Simulation-based calibration case study with RStan

Bob_Carpenter · May 13, 2019, 5:51pm

I created a standalone case study for SBC:

Simulation-Based Calibration with Stan and RStan. sbc.pdf (268.1 KB)

I’d love to get feedback before putting it up with the rest of our case studies. Particularly on my less-than-fluent R, on anything that’s not clear in the presentation, and on the hypothesis testing for uniformity of ranks so this can all be automated.

P.S. @avehtari tells me I should be using this confidence bands code, but even after a couple emails and trying to read the paper on which it’s based, I can’t figure out how to turn bands into p-values. All I need are p-values for a bag of ranks for the null hypothesis that the bag of ranks is uniformly distributed.

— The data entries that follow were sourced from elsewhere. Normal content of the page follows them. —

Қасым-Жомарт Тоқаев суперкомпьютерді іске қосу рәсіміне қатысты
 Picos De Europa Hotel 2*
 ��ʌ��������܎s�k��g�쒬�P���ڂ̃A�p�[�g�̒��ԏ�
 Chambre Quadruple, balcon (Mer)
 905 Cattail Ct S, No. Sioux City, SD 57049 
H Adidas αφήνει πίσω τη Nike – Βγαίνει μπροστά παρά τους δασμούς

avehtari · May 13, 2019, 7:15pm

Here’s the link to multidimensional uniformity test paper [1902.10142] A Family of Exact Goodness-of-Fit Tests for High-Dimensional Discrete Distributions

I still don’t understand why do you need p-values, when you can directly control false positive rate (in some meaning of control), that is, you can choose alpha level for your test. If you make more tests you can include the multiplicity adjustment there. But if you really need individual p’s, I have time next week to make you code for the inversion.

Based on a quick look, it seems you are not thinning antithetic chains? Those can have high n_eff and high correlations messing uniformity. With the current dynamic HMC, it’s very likely that chain for lp__ has thetic behavior, while for other parameters the chain may have highly antithetic behvior. For antithetic cases it would be good to thin with odd lag.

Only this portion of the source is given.